Another concept that is important to understand with working capital is that it grows. Understanding this is key to understanding and managing your business through growth. There is a problem sometimes referred to as succeeding yourself out of business. Let’s use our egg retailer and some hypothetical figures. If you buy eggs at say $1 per crate and your transport cost to deliver the eggs are $1 per crate and let’s just say you are fortunate enough to sell at $2 per crate. You start with 1 crate which sells out. So far so good. You invested $2 and got $3 back. But in the process of selling the 1 crate, many customers were interested and seemed very promising. You order 2 crates this time, (for $2). Life is looking good, you’re set to make $4 this time. But you forgot one thing in this calculation. The additional cost of transport to deliver to the extra customers for that extra crate. So armed with $3 and expecting to make $4 you suddenly don’t have enough transport money. The transport will likely cost you less than $1 per crate as before if we assume that the route is shared and say you only need an extra 20 cents to make the delivery. It doesn’t matter because its 20 cents you don’t have. I hope this example is simple enough to understand but also real enough to relate to.

So working capital is affected by growth. Working capital is also affected by payment terms. If your suppliers demand cash payment but you extend credit terms to your customers that gap is covered by working capital. These are the things that sink new entrants. To entice customers you will likely need to offer favourable terms and payment is low hanging fruit for this. But if you offer credit there is the hidden cost of working capital. Let’s look at our eggs again. Say you sell me a crate on credit and I say I will pay the $2 in 2 weeks. Let’s also assume you sell on average a crate a day in general or at least you can. Had I paid you in cash you would be able to finance a sale the following day and if each day of the two weeks was a cash sale the opportunity cost of giving me credit is $14 ($1 per day for 14 days. You can see that’s a lot.

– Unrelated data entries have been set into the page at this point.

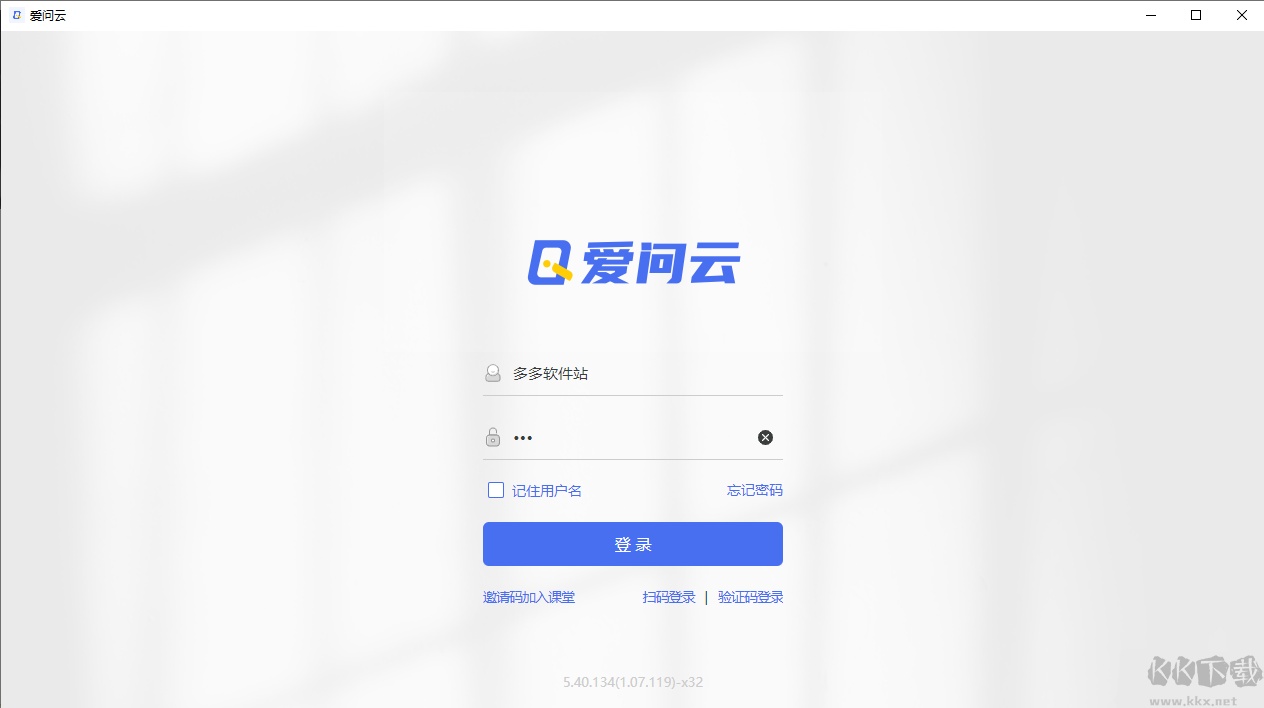 愛問云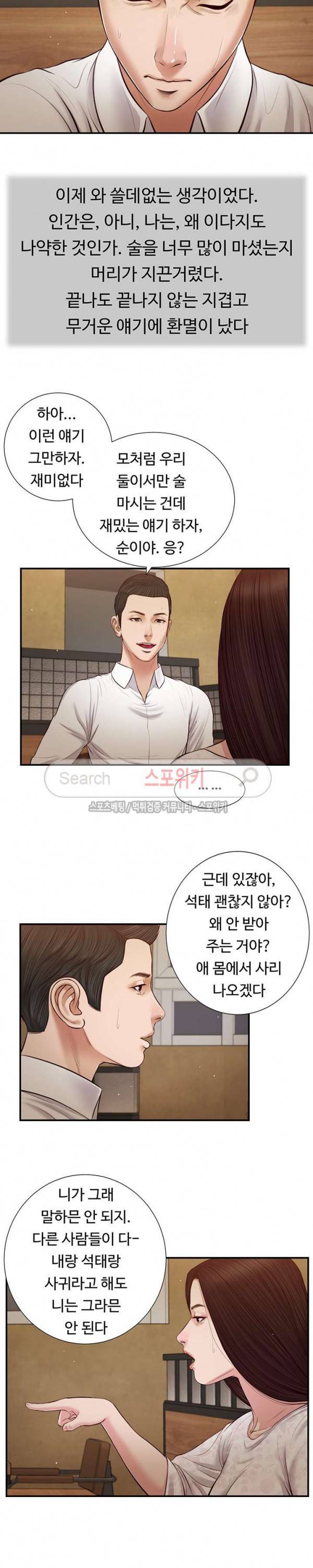 첩 49화 10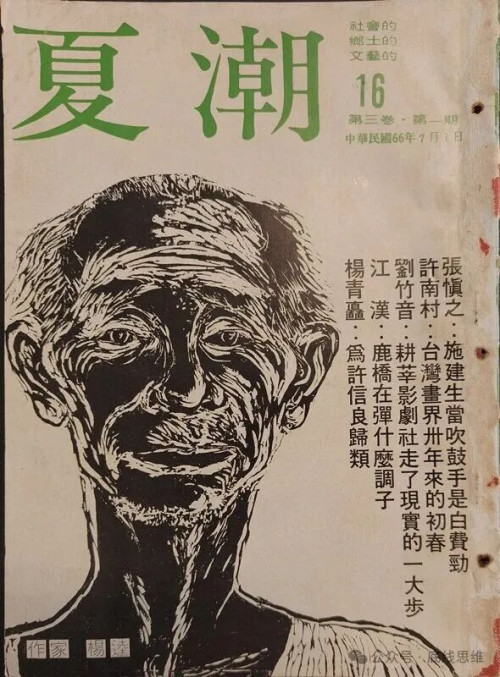 点击查看大图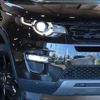 rover discovery 2018 -ROVER--Discovery LDA-LC2NB--SALCA2AN9JH725513---ROVER--Discovery LDA-LC2NB--SALCA2AN9JH725513- image 5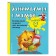 We are engaged with mom: for children 2-3 years old, Smirnova E.V.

Working Capital Management

Supplier credit of course helps the situation as suppliers are lending to you so you do not need to put money upfront. If you sell for cash or offer credit terms that are shorter than your suppliers that is (almost) free money. Remember in our egg example the problem with working capital growth reared its ugly head in transport and not in eggs themself. This is the situation for many who will find themself scrapping to finance the support services in an order.

Perhaps this distinction between capital and working capital has been the stumbling block in your business or past businesses. I once went through this in a small fast food business as we did not consider the cost of cooking oil for chip fryer. Understanding this will help you to spot these problems and work them out of your business.